During our visit California was weighing one of the most progressive bills in the country to kickstart new housing, including affordable housing, in areas close to major transit stops. The bill would have paved the way for developers to build condominiums and apartments near mass transit stops where local zoning codes might otherwise prohibit such development.

But the California bill never got out of its first committee hearing. It was opposed, as one might have predicted, by people concerned about losing local control of the number and type of new people in their midst. But also among its critics: Folks concerned about gentrification in neighborhoods that would be affected by the new development. Such additional development might increase property values near transit hubs, already increasing in value, which in turn could spill over to adjacent areas. Gentrification could beget more gentrification.

I wonder if both Sausalito and Princeton are caught in an upward death spiral, with constantly rising real estate prices closing the door on young people, middle class people, older people on retirement incomes, and all the odd and quirky characters who make the sidewalks of both Sausalito and Princeton an open air, experimental theater.

Both towns have a few things going for them that might forestall this process. Princeton has a steady and revolving stream of students and young faculty who add vitality to the mix. And its housing density is still relatively low compared to that of Sausalito. Garages on larger lots could be converted into accessory structures, which could become income units for older homeowners trying to meet their ever-increasing property tax bills.

Sausalito, and the rest of California, have the benefit of Proposition 13, which limits property taxes to around 1.25 to 1.5 percent of assessed property value, and curbs the increase in property tax relative to the increase in property value as long as you own the property.

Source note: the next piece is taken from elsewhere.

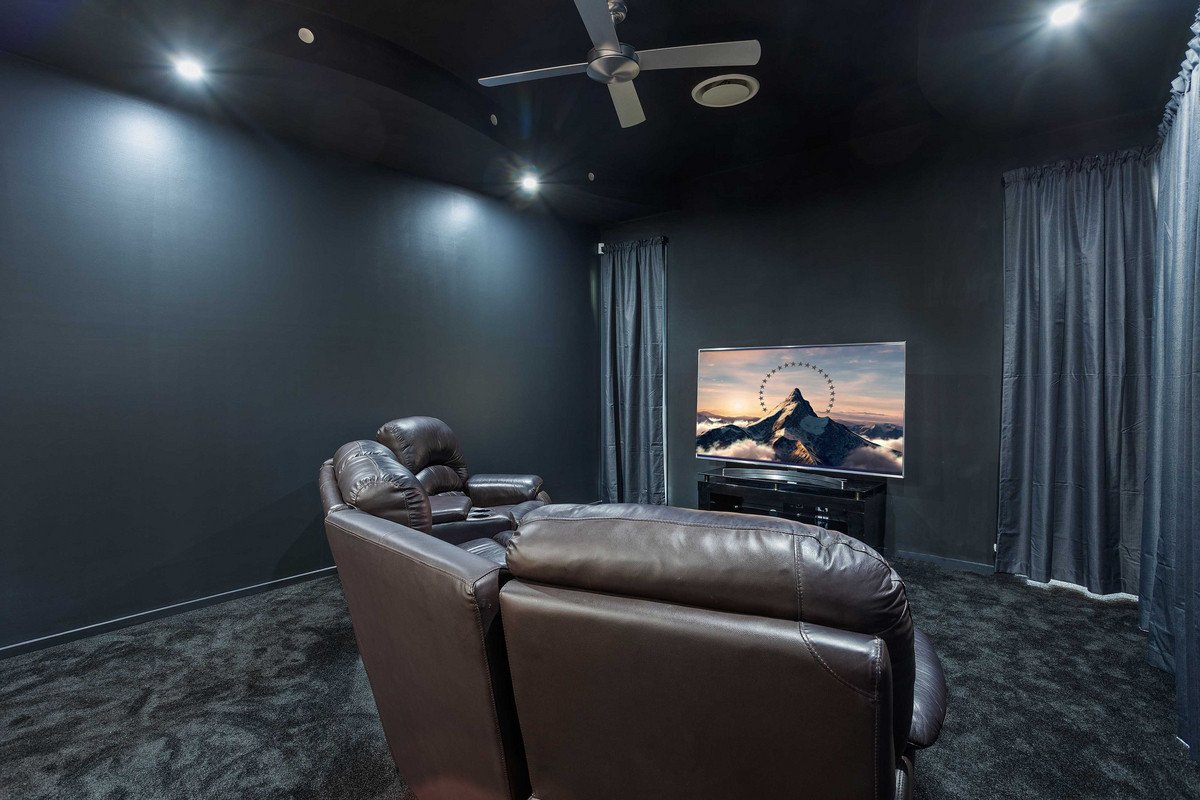 18 Flamingo Key Broadbeach Waters 4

And then Sausalito has another factor that will not be erased for a long time: The quirky architecture of all those houseboats. My guess is that the offbeat and outlandish will continue to make Sausalito a delightfully different destination. But what do I know? Here on the dock of the bay I’m just sitting in the morning sun and, if I recall the lyrics correctly, I’ll still be sitting when the evening comes.